4 Warning Signs that Agile Is Declining  - asfafaf
http://www.gilzilberfeld.com/2011/12/4-warning-signs-that-agile-is-declining.html?utm_source=hackernews&utm_medium=social&utm_campaign=post

======
gilz
This is where I would say in that "done right" agile works. The problem is
"done right" is very subjective to the team in question.

If you have the right team, discipline for practices, and the right leadership
it works wonders. I've seen it.

The problem it that it's misused like I said in my post. It's not understood.
And therefore will lead to the conclusion, that not only it doesn't work, we
were conned to believe it did.

------
Craiggybear
Agile _is_ snake oil. And I've never seen it done well in either the public or
private sector.

All starts with good intentions -- but the road to hell is paved with good
intentions. Then you discover someone doesn't actually know what they're
_really_ meant to be doing.

Agile sucks. I saw a huge team over two years produce absolutely _nothing_
despite the cash being spent on the project.

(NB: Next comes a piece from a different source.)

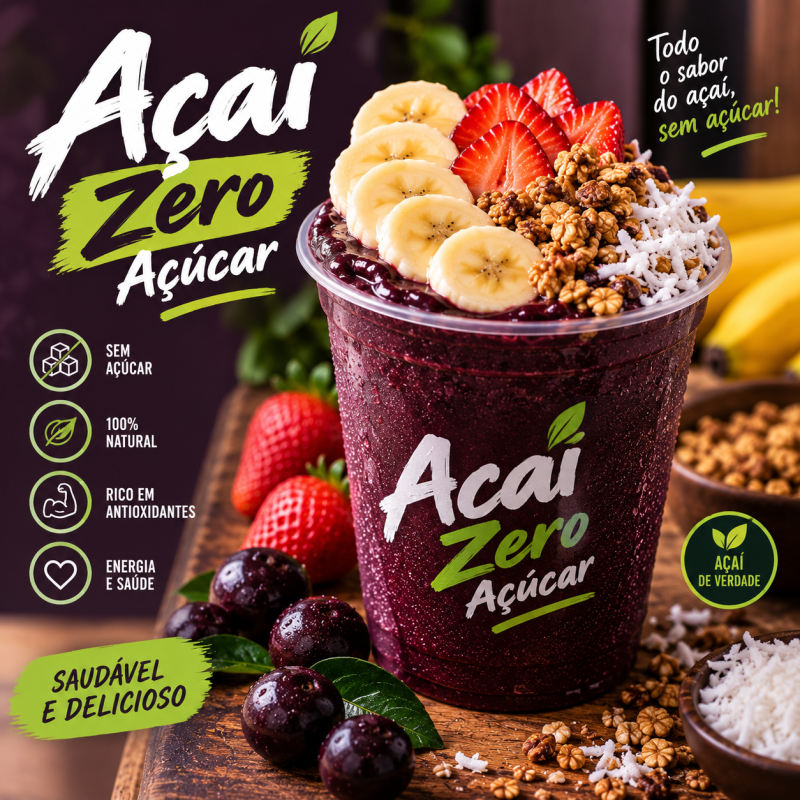 Açaí Zero Açúcar 500ml - Açaíteria Modelo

I did a spot of cowboy coding over a week on this, just for fun (I was working
on a different project but understood what their team was supposed to be doing
because it had overlap with our work), and had a fully working model up and
running with full database and business logic in place ... demoed it and it
was extremely well received. Then it was immediately buried to save the dev
team managements' face.

I left shortly after that. This is the kind of shit nobody needs.